The saying,"United we stand, divided we fall," implies that unity is more substantial and powerful than disunity.
I am not sure I understand your question correctly because you have used at least one word (precocious) incorrectly. I think you are saying that harsh criticism of Obama makes it more difficult to unify the country. Is that correct?
I would agree that harsh criticism of President Obama makes it difficult for the country to unify. Criticism of the president is often very personal -- not just limited to a criticism of his policies. It is clear that many conservatives hate him personally.
However, it is not the criticism of President Obama that has caused disunity in the US. It is just another symptom of a problem we have had for a long time. I could have written the last paragraph during the Bush administration and it would have applied equally to him (except that liberals, not conservatives, hated him personally).
There are many reasons why the US is becoming so politically disunified, but it has not been caused by the criticism of the current president.

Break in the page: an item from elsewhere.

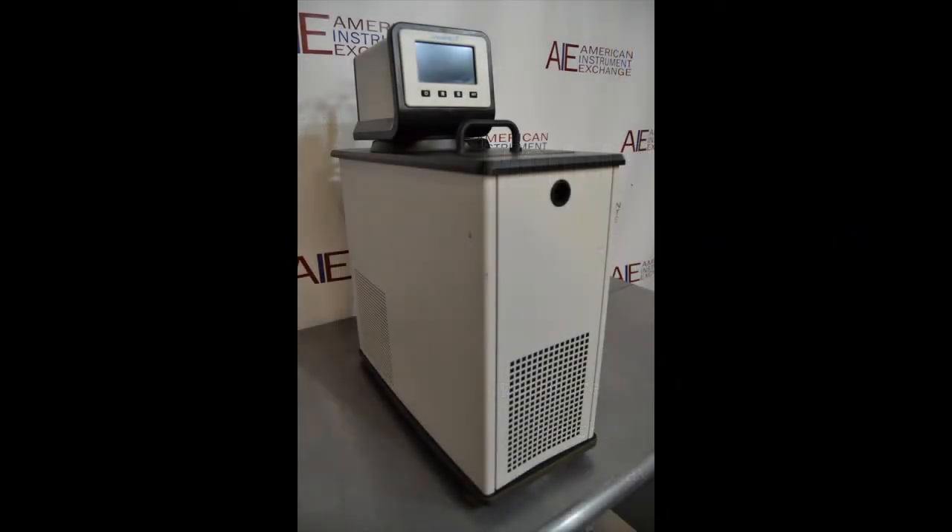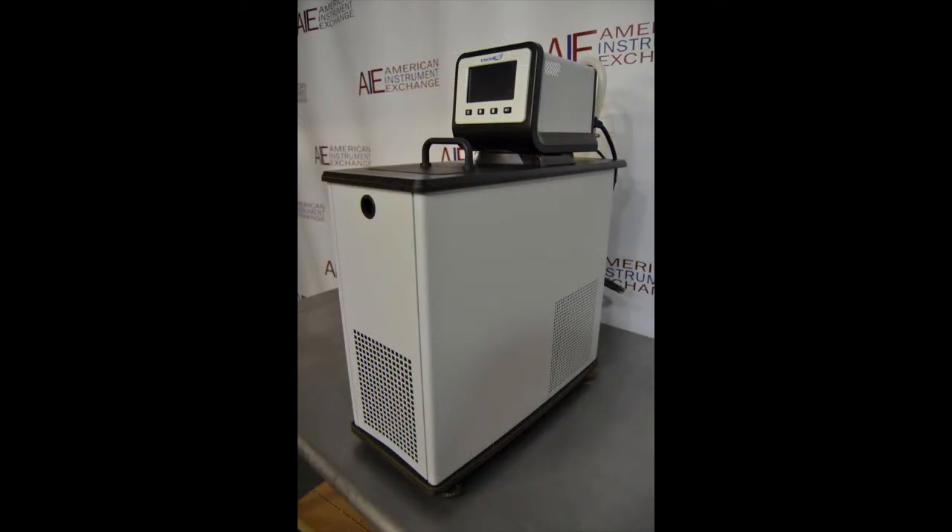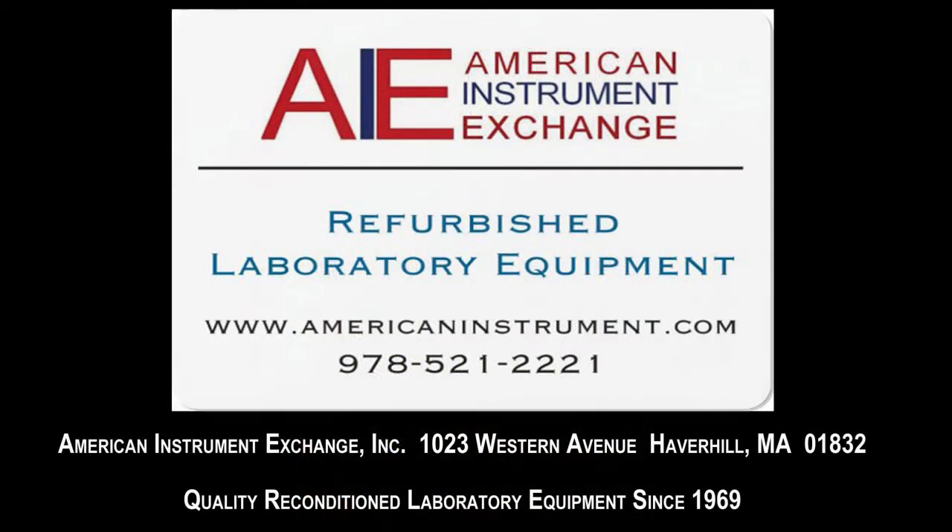Our facilities include a fully equipped shop with highly trained technicians who thoroughly test each instrument before it reaches your laboratory. Our surplus lab equipment is reconditioned for many types of laboratories, including biotech, biomedical, medical research, chemical, pharmaceutical, and university and hospital research laboratories.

Criticism of President Obama may cause discussions of disunity in the United States. But healthy discussions and constructive criticism are the hallmark of good feedback for a successful president. Let's look at the groups that may be discontent or find no satisfaction in the way President Obama is performing in this his second year in office. Afterall, we want to know if the criticism is fair, don't we?
The most common of Obama critics are probably the far "right wing conservatives" and the other group would be white supremacists. Conservatives have a legitimate political platform which will automatically be opposed to the position of a liberal president especially in his second year of office when he's not had much time to change what he has inherited from the previous administration. Therefore, the criticism is not so much as against Obama the person as it may be against Obama the politician. This kind of criticism is good for the Obama administration. There is balance and polarity in right and left politics just as in physics.
One thing is true that Mr. Obama said during his campaign for presidency and that was "a change is coming." There are some white supremacist groups that are outraged about any position and/or action Obama the man will take. That is just the nature of the beast and mentality of that particular group. Obama as the first black president of the United States can expect some unhappy campers.
"Barack Obama is facing escalating death threats from white supremacists, according to senior law enforcement officers, prompting severe security restrictions in Washington DC. Police sources said credible threats had been made, but the FBI denied that at the weekend, saying no specific plots had emerged. Still, agents acknowledged they were receiving more and more tips about suspicious activities." This group is basically disunited from most of America therefore, their criticism lends little credence.
"At 50 percent, Mr. Obama's approval rating is similar to that of Presidents Ronald Reagan (49 percent), Jimmy Carter (51 percent) and Bill Clinton (54 percent) one year into their presidencies. All were plagued by economic troubles – and Mr. Clinton also attempted to reform health care." These are some of America's greatest presidents. So, I'd say, "Mr. Obama is in great company."
The real issue is whether bad talk about the president is causing Americans to lose the "unity" in the United States? Let 'em talk all they want. I believe that we are still united. It would take more than words to divide this great nation.